Exercise materials below:
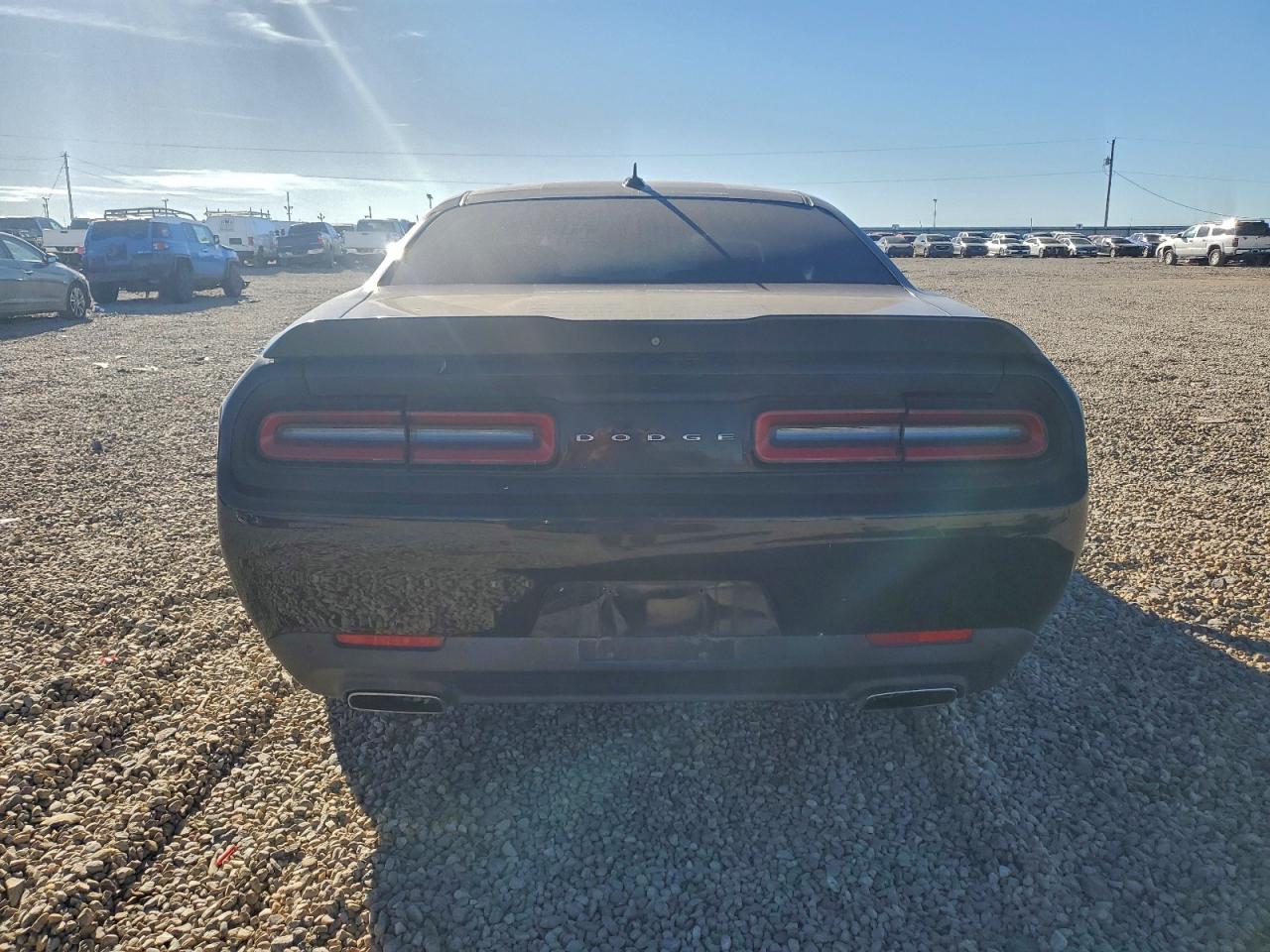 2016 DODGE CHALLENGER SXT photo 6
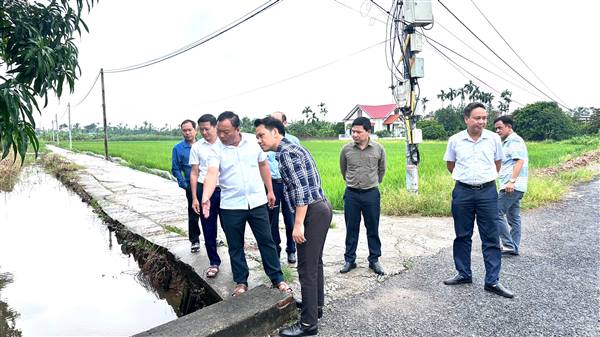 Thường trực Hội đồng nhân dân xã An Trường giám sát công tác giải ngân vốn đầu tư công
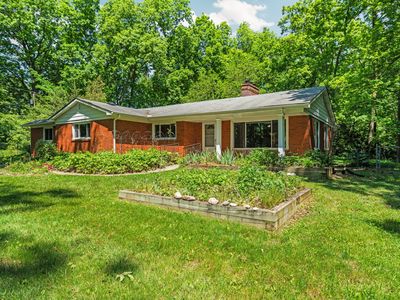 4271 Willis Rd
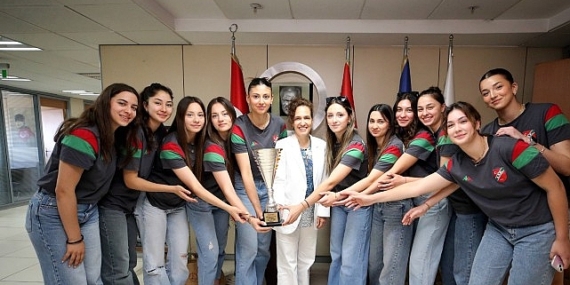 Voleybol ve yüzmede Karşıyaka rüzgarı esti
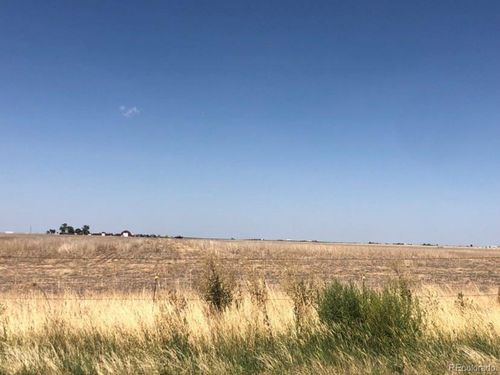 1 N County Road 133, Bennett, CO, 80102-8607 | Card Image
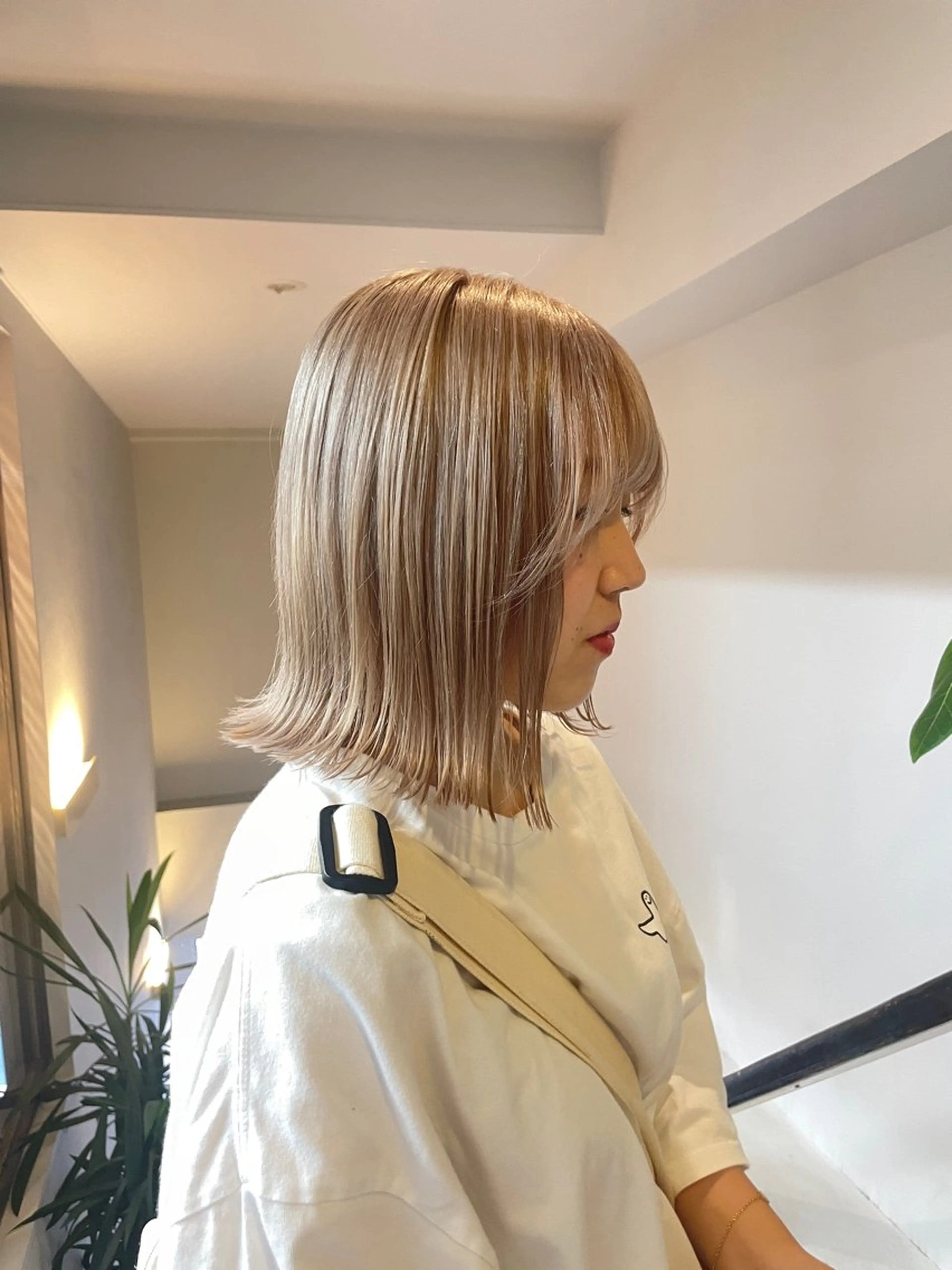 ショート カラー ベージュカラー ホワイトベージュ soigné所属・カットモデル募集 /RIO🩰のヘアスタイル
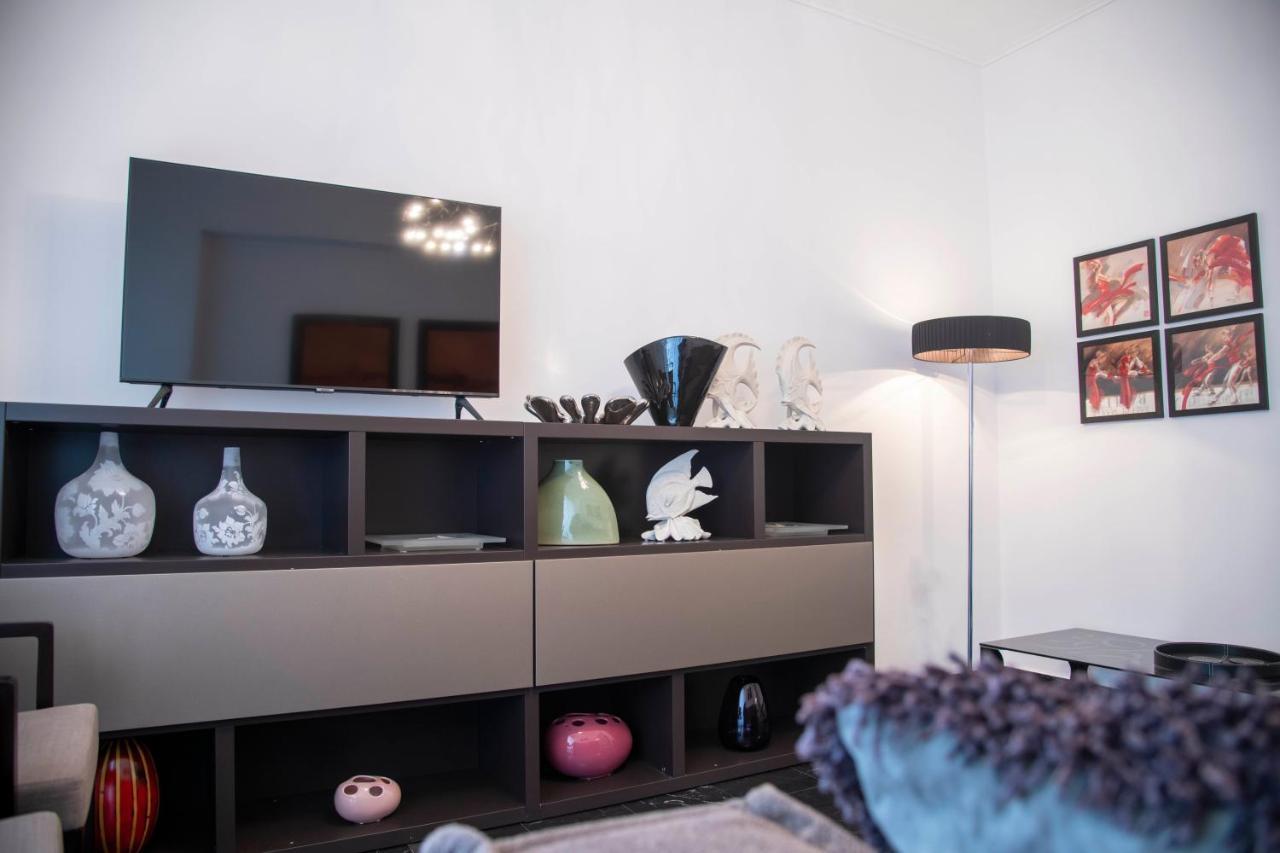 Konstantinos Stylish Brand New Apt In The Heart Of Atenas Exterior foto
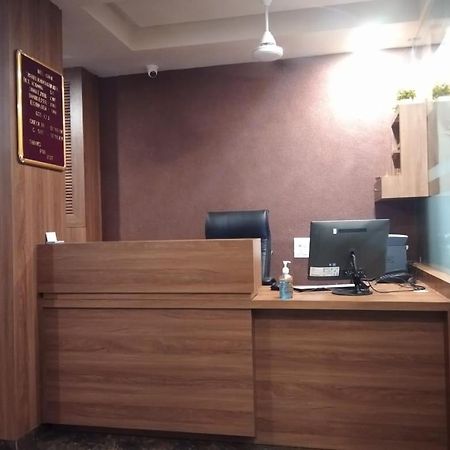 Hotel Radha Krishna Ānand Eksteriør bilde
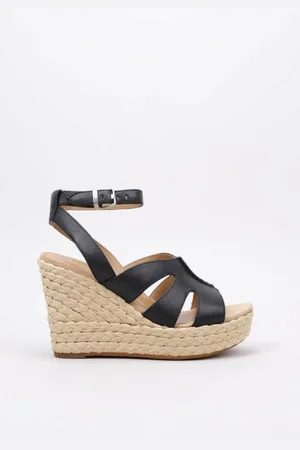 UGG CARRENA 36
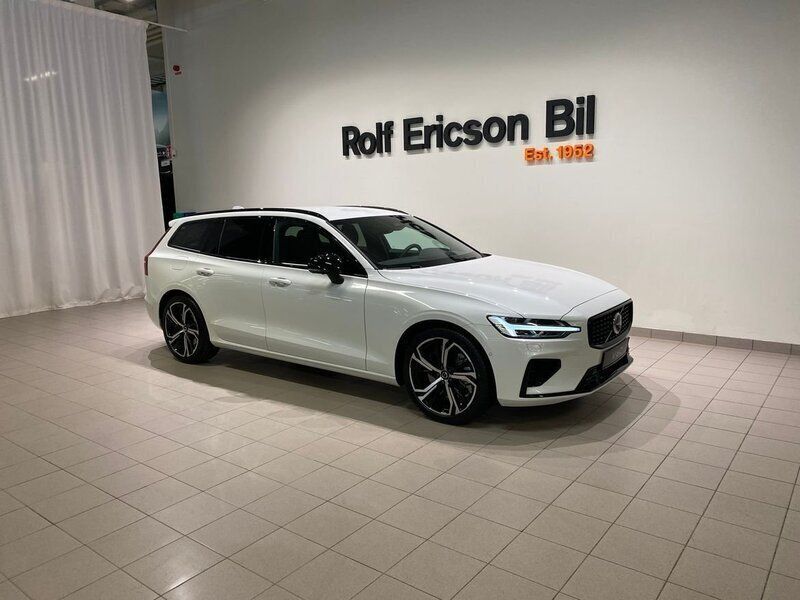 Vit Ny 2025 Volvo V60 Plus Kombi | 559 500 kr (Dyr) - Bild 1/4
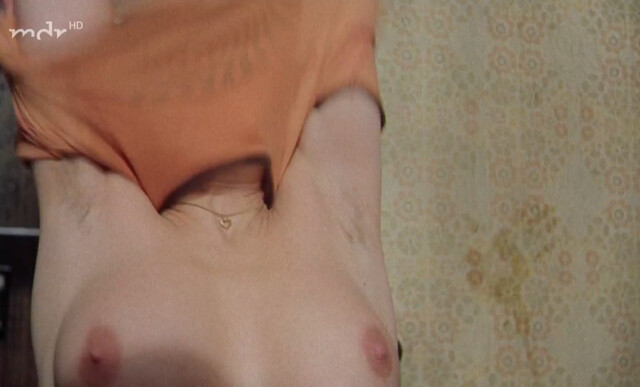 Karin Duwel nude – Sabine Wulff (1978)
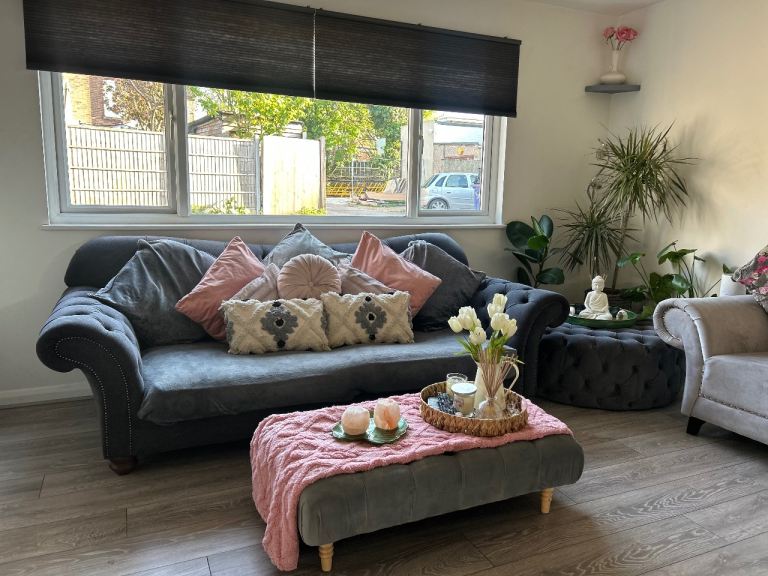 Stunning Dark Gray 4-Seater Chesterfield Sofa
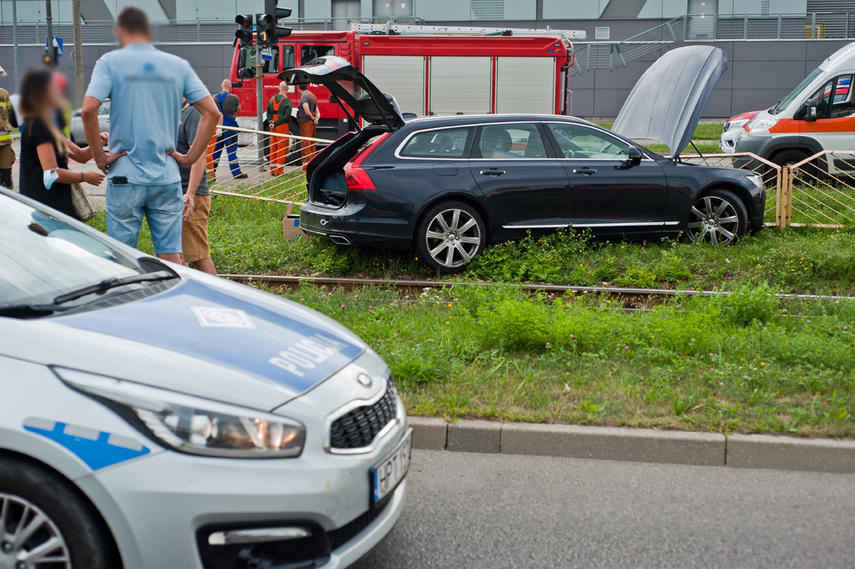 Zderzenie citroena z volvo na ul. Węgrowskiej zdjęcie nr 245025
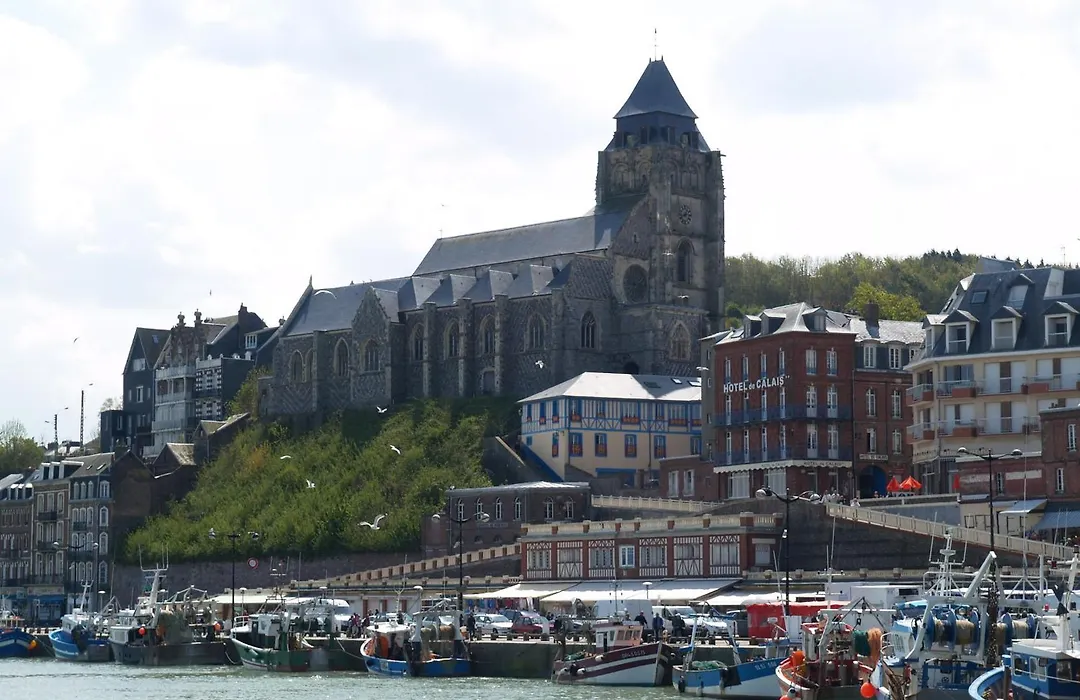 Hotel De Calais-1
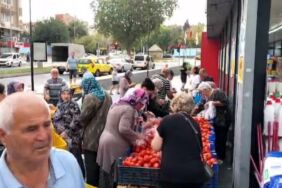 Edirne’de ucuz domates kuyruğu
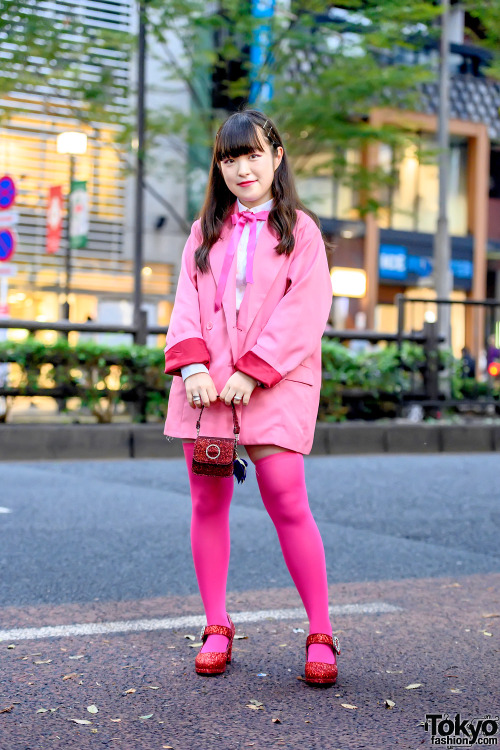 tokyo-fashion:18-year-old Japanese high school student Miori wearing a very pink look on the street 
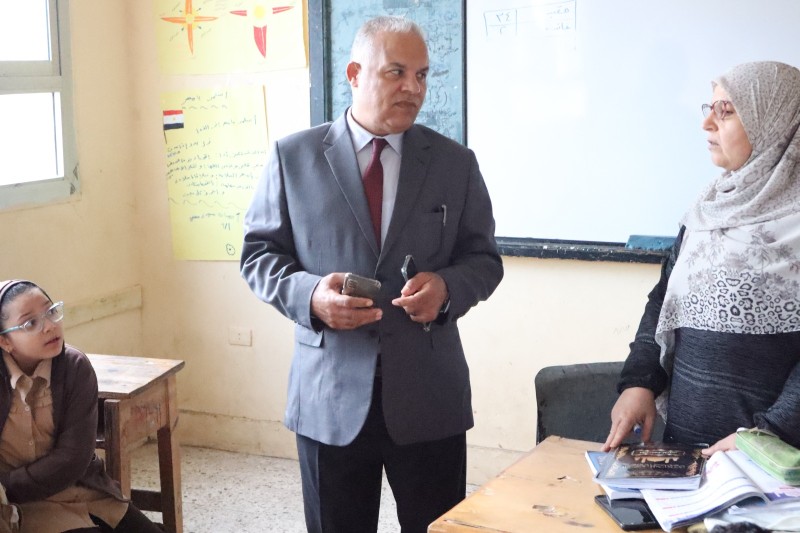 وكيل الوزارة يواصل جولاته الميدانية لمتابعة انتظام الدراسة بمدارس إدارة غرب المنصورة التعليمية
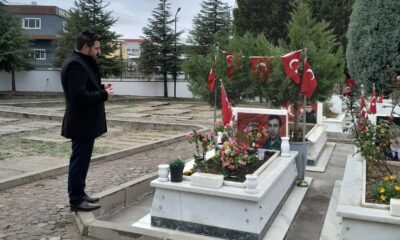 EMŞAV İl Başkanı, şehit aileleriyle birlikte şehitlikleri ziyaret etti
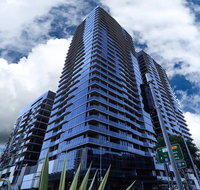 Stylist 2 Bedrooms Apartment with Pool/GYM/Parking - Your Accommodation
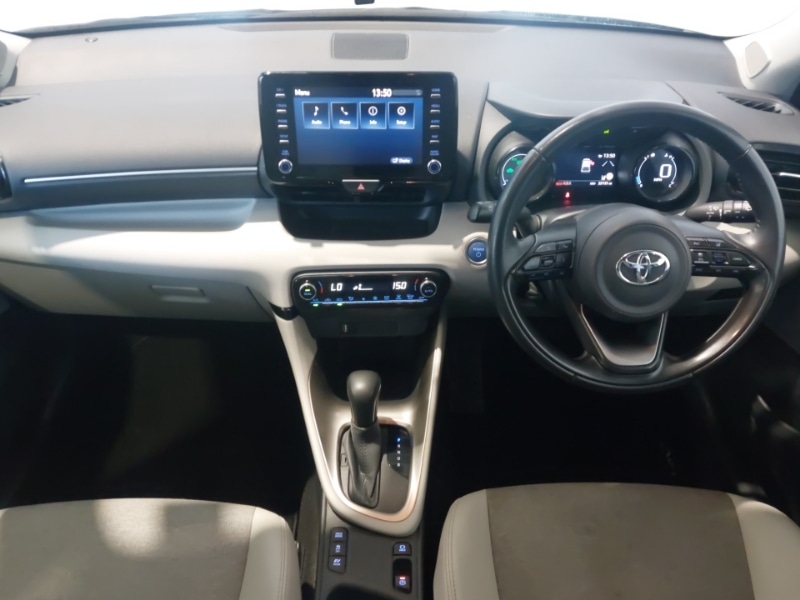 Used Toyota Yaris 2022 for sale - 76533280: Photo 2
End of Exercise materials.
• _Aim of the task_:
The entries above should be written out in full, and any picture in them left out.

• _Output for this task_:
 2016 DODGE CHALLENGER SXT photo 6
 Thường trực Hội đồng nhân dân xã An Trường giám sát công tác giải ngân vốn đầu tư công
 4271 Willis Rd
 Voleybol ve yüzmede Karşıyaka rüzgarı esti
 1 N County Road 133, Bennett, CO, 80102-8607 | Card Image
 ショート カラー ベージュカラー ホワイトベージュ soigné所属・カットモデル募集 /RIO🩰のヘアスタイル
 Konstantinos Stylish Brand New Apt In The Heart Of Atenas Exterior foto
 Hotel Radha Krishna Ānand Eksteriør bilde
 UGG CARRENA 36
 Vit Ny 2025 Volvo V60 Plus Kombi | 559 500 kr (Dyr) - Bild 1/4
 Karin Duwel nude – Sabine Wulff (1978)
 Stunning Dark Gray 4-Seater Chesterfield Sofa
 Zderzenie citroena z volvo na ul. Węgrowskiej zdjęcie nr 245025
 Hotel De Calais-1
 Edirne’de ucuz domates kuyruğu
 tokyo-fashion:18-year-old Japanese high school student Miori wearing a very pink look on the street 
 وكيل الوزارة يواصل جولاته الميدانية لمتابعة انتظام الدراسة بمدارس إدارة غرب المنصورة التعليمية
 EMŞAV İl Başkanı, şehit aileleriyle birlikte şehitlikleri ziyaret etti
 Stylist 2 Bedrooms Apartment with Pool/GYM/Parking - Your Accommodation
 Used Toyota Yaris 2022 for sale - 76533280: Photo 2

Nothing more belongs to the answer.